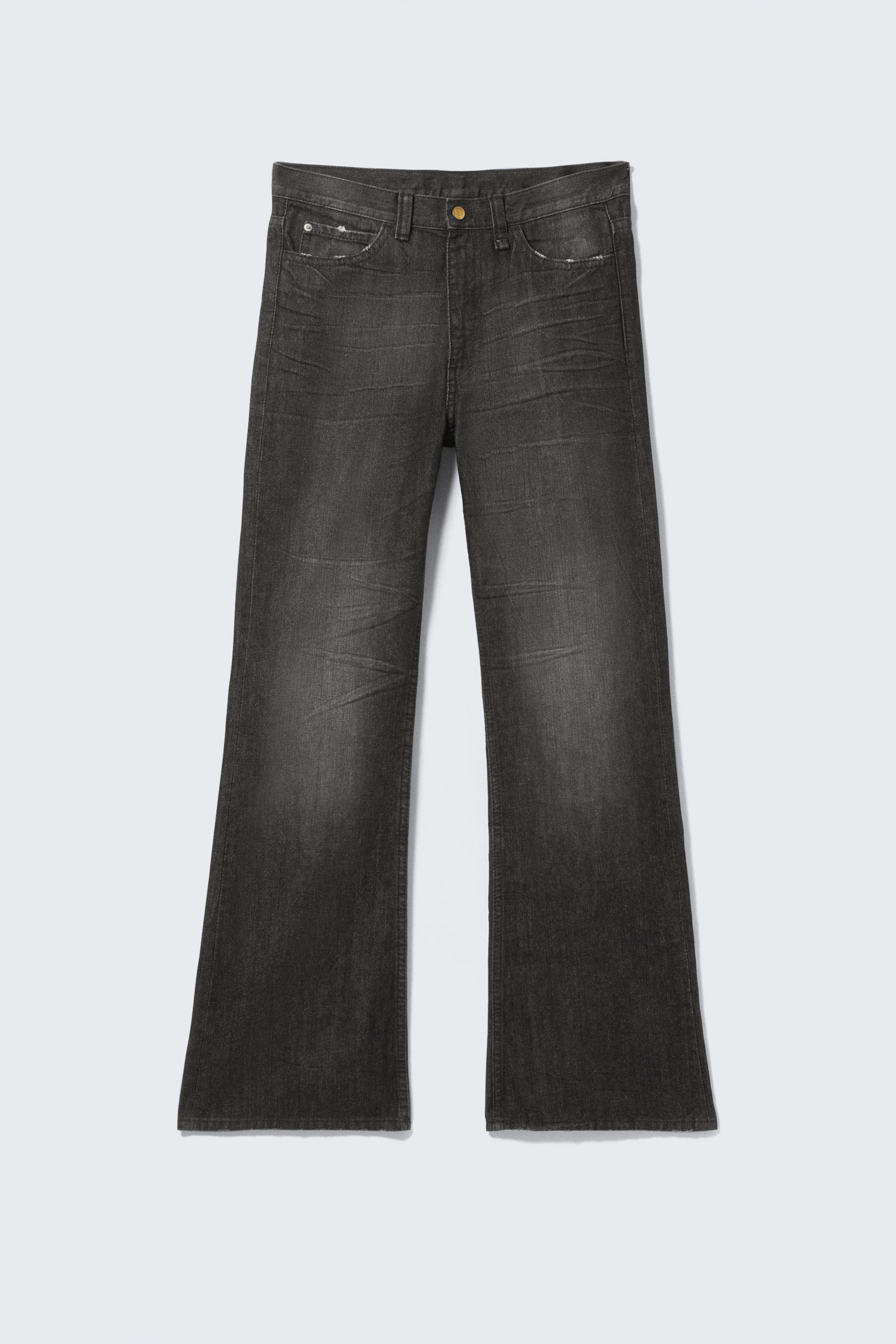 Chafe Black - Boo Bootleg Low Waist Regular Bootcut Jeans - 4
==
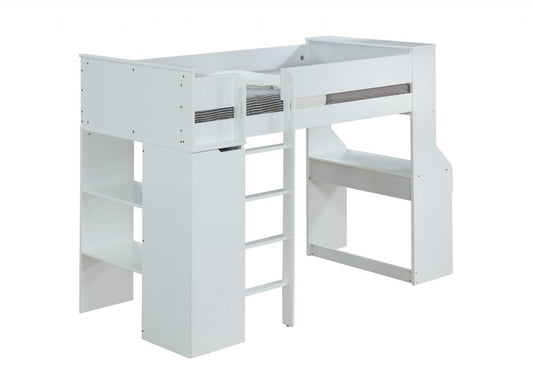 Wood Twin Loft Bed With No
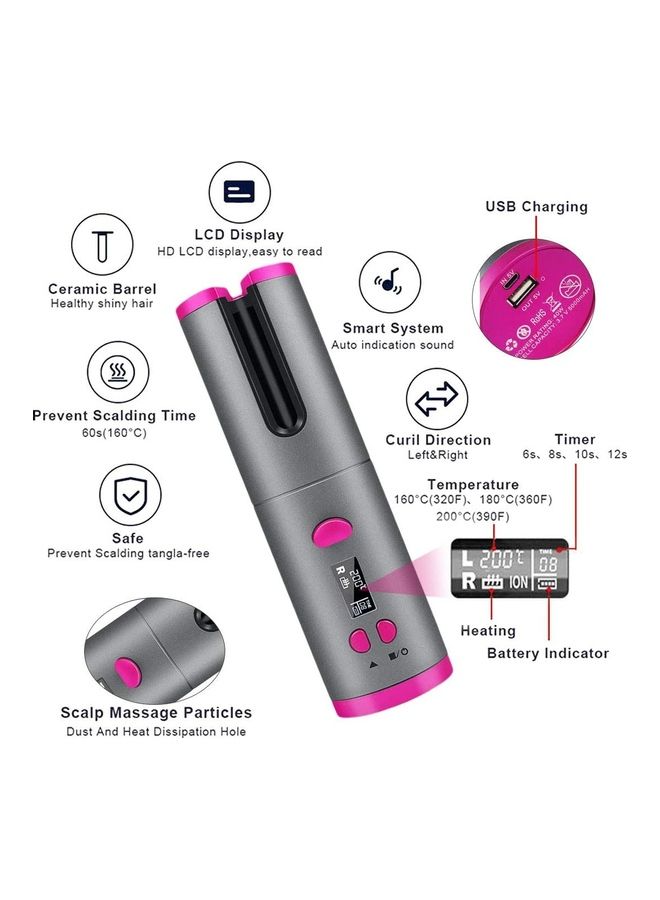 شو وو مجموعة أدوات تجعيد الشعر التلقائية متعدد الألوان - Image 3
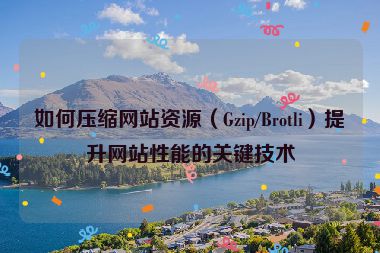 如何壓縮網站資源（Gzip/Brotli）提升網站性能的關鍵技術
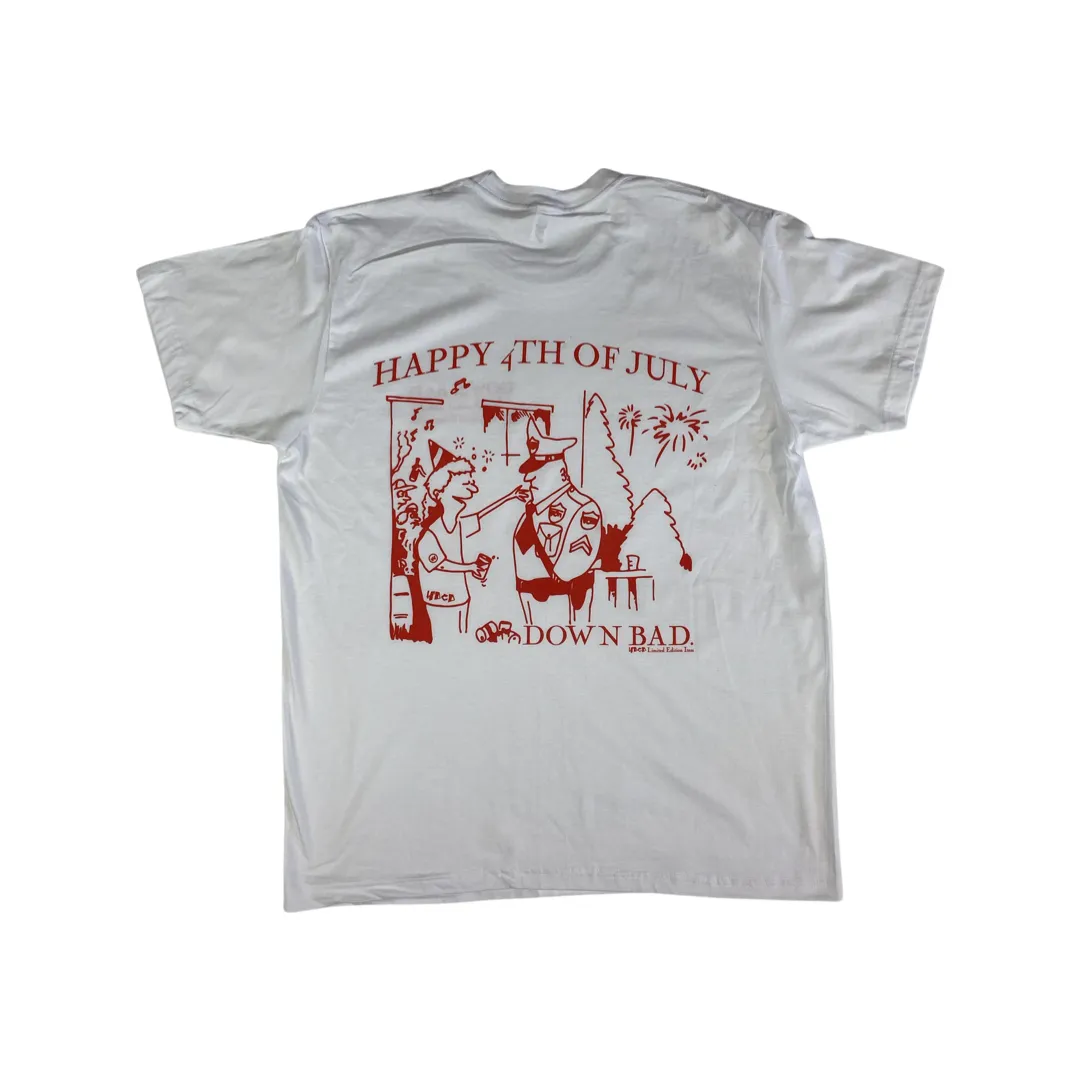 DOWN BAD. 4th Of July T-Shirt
...
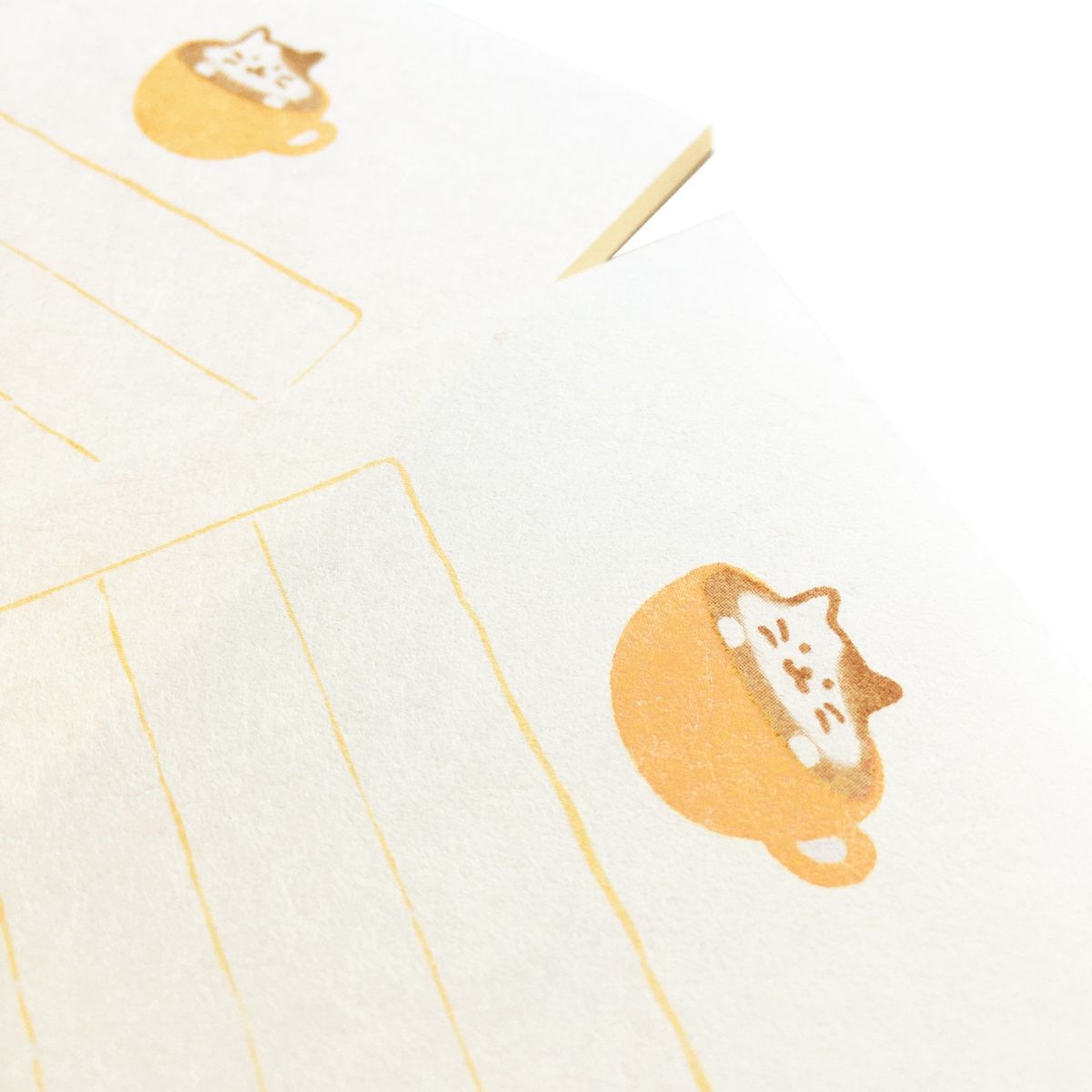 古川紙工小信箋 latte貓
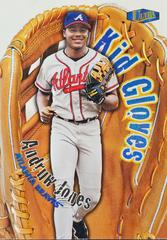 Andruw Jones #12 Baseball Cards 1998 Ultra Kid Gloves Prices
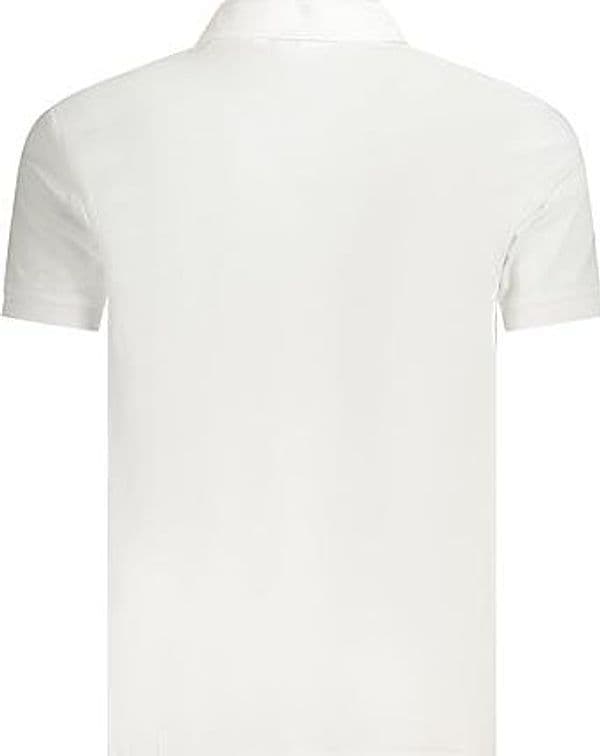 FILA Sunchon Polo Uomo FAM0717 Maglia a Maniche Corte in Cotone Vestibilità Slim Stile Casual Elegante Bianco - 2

What you are asked to do:
Although the records above contain pictures, the copy must not; set down exactly the lines from the one with "Wood Twin Loft Bed With No" up to and including the one with "DOWN BAD. 4th Of July T-Shirt".

Result of the task:
 Wood Twin Loft Bed With No
 شو وو مجموعة أدوات تجعيد الشعر التلقائية متعدد الألوان - Image 3
 如何壓縮網站資源（Gzip/Brotli）提升網站性能的關鍵技術
 DOWN BAD. 4th Of July T-Shirt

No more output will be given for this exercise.